**Required action**. Each line in the entries below that holds the string "Frauen" must be copied.

**Records provided**.
----------

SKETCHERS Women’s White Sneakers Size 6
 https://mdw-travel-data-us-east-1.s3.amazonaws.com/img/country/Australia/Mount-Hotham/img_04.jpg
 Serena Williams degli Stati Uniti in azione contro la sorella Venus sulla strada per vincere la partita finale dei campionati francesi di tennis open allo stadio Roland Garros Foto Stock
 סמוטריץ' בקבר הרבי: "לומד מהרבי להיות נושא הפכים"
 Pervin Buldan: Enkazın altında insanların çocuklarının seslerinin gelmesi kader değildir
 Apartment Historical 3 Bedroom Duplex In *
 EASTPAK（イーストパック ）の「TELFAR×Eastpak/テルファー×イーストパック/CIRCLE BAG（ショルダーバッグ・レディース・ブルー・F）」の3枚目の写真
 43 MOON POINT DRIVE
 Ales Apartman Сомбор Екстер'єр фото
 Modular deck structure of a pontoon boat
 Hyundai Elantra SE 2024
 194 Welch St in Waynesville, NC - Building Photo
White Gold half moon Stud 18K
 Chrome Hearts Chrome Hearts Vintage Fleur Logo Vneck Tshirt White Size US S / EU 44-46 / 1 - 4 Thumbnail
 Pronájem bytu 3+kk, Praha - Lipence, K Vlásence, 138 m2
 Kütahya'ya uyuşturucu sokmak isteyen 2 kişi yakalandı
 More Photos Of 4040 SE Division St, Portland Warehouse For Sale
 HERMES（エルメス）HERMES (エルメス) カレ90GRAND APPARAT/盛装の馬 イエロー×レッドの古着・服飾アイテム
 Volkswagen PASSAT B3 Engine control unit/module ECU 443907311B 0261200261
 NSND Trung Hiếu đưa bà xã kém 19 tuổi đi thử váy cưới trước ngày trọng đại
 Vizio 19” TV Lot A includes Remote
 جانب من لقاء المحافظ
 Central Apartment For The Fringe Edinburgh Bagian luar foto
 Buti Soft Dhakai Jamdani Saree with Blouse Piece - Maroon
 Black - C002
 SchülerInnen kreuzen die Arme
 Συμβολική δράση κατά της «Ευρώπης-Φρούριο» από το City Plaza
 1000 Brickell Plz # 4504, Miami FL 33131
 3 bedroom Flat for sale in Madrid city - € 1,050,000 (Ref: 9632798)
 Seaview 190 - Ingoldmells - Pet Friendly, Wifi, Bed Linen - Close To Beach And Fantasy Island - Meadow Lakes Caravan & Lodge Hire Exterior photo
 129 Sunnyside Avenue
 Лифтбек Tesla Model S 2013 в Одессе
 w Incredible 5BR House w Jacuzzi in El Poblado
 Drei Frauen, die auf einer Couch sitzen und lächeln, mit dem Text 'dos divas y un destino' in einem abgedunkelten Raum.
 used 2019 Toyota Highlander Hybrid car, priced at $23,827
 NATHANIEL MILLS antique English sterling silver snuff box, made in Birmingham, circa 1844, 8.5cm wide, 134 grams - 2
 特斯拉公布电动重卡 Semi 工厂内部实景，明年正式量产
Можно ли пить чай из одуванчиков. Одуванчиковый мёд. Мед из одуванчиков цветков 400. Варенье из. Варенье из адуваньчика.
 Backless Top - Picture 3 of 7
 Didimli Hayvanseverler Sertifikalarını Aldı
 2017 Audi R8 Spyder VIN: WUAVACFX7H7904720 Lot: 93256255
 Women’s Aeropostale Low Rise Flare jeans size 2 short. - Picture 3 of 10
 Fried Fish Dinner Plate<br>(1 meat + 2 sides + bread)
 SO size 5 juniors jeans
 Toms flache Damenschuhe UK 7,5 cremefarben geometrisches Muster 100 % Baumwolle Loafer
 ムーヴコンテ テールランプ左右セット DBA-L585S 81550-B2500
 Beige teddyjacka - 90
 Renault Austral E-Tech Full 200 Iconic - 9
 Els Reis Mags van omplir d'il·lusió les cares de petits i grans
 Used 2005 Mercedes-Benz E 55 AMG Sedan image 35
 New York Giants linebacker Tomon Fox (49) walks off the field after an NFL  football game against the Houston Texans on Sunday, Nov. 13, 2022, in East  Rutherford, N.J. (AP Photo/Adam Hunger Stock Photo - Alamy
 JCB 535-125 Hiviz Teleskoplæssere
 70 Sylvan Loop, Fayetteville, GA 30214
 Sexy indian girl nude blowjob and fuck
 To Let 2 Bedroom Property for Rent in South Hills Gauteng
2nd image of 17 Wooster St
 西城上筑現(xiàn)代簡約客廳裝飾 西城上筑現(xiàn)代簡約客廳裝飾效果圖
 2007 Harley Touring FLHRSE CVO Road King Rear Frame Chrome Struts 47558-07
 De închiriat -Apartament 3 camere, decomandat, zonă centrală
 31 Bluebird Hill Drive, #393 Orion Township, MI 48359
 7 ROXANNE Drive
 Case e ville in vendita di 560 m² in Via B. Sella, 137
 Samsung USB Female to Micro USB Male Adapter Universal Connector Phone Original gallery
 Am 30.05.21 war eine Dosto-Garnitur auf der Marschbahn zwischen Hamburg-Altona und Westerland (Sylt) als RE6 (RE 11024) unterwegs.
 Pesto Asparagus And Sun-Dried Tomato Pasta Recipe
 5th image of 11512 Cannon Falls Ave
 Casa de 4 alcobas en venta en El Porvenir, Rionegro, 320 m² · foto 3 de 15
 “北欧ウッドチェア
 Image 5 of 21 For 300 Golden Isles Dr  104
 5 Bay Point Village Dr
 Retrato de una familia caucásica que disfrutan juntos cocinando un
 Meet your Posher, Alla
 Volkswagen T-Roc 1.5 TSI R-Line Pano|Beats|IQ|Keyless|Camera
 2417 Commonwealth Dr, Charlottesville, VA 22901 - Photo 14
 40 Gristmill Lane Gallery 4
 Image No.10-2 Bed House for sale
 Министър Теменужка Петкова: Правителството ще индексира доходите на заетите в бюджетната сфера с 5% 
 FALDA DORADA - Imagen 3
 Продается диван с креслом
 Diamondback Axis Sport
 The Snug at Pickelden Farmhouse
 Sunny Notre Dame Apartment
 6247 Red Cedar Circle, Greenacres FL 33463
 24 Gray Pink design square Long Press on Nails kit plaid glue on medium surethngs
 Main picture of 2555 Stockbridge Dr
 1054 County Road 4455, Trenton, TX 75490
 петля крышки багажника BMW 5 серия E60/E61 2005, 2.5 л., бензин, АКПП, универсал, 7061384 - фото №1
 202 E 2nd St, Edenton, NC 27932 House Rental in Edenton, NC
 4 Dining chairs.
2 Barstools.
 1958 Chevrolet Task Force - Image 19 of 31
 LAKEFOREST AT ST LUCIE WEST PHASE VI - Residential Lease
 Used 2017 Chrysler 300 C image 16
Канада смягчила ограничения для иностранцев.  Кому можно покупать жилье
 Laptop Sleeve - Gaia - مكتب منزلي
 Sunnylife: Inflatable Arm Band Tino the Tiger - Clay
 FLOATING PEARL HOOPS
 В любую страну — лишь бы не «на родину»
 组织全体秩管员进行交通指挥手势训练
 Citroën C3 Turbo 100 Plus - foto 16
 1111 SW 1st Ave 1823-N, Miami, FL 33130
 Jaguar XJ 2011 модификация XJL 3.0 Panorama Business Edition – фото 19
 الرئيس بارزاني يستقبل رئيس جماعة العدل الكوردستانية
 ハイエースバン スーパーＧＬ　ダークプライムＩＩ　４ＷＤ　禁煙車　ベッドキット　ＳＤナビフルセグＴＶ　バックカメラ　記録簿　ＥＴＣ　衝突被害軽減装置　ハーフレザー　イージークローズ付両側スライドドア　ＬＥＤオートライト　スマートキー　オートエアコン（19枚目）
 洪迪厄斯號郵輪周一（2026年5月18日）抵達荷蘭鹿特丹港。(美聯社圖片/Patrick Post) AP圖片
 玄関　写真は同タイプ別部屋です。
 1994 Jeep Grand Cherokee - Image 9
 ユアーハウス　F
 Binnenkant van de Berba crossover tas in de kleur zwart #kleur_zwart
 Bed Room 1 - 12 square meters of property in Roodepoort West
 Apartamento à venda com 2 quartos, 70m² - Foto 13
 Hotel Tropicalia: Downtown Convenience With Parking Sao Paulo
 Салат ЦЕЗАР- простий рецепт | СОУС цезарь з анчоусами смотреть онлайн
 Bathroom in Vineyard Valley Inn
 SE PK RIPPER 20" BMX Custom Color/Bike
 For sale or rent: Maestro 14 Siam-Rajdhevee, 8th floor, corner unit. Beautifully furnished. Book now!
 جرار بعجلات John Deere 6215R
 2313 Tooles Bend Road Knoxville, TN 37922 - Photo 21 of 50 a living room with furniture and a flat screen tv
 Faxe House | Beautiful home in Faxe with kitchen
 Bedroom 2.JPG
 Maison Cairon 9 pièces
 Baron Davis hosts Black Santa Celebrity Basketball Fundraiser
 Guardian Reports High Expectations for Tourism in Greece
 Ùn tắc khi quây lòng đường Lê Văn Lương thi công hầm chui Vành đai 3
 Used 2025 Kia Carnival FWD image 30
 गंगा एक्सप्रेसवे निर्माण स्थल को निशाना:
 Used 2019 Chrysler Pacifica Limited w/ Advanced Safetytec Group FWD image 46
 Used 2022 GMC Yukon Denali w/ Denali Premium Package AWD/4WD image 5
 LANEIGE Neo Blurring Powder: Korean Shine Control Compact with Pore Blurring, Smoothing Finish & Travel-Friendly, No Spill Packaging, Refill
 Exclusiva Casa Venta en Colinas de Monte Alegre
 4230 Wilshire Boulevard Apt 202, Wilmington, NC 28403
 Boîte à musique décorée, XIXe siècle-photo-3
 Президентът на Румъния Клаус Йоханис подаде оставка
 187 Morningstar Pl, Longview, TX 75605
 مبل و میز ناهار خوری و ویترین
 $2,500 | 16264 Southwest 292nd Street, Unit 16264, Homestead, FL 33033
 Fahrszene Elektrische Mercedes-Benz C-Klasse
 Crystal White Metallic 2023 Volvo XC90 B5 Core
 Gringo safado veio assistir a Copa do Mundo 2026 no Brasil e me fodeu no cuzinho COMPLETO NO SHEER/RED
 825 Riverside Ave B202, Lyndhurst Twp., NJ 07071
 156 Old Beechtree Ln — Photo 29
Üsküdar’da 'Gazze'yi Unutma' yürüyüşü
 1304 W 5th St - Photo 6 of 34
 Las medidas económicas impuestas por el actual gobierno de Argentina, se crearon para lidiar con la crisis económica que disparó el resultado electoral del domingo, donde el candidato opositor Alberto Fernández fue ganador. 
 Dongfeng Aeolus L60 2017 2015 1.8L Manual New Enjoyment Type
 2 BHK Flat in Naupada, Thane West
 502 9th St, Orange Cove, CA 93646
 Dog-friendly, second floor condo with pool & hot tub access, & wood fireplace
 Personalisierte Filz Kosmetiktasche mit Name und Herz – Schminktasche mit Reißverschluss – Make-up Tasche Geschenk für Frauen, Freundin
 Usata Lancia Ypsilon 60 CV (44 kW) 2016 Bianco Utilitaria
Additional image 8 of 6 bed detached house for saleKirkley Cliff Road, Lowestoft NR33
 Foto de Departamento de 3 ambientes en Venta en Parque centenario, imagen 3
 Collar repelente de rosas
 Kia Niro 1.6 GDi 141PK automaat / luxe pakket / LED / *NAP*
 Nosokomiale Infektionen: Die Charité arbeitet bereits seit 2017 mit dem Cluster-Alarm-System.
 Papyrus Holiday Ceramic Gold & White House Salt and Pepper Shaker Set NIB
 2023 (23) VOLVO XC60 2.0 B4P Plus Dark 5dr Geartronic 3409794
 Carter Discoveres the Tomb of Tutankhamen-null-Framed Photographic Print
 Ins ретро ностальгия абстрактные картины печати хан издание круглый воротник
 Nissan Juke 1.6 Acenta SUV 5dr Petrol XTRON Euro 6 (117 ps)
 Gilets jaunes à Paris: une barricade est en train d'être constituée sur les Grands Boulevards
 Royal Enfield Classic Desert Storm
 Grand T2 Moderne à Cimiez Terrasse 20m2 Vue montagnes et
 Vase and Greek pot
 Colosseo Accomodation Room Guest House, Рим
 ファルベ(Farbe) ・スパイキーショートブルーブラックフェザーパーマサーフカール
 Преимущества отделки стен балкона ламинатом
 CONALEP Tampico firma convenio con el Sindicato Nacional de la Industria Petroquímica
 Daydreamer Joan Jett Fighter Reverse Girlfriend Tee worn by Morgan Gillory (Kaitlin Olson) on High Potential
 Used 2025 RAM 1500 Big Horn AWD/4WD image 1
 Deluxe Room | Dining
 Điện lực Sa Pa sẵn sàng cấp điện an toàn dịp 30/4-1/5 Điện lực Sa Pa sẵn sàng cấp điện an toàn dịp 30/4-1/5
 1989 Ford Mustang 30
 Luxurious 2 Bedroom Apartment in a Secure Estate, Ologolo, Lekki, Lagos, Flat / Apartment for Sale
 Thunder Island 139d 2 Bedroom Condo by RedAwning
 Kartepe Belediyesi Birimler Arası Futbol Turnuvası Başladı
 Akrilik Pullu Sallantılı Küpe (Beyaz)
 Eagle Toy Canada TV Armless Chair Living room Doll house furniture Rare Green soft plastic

----------

**Response**.
 Drei Frauen, die auf einer Couch sitzen und lächeln, mit dem Text 'dos divas y un destino' in einem abgedunkelten Raum.
 Personalisierte Filz Kosmetiktasche mit Name und Herz – Schminktasche mit Reißverschluss – Make-up Tasche Geschenk für Frauen, Freundin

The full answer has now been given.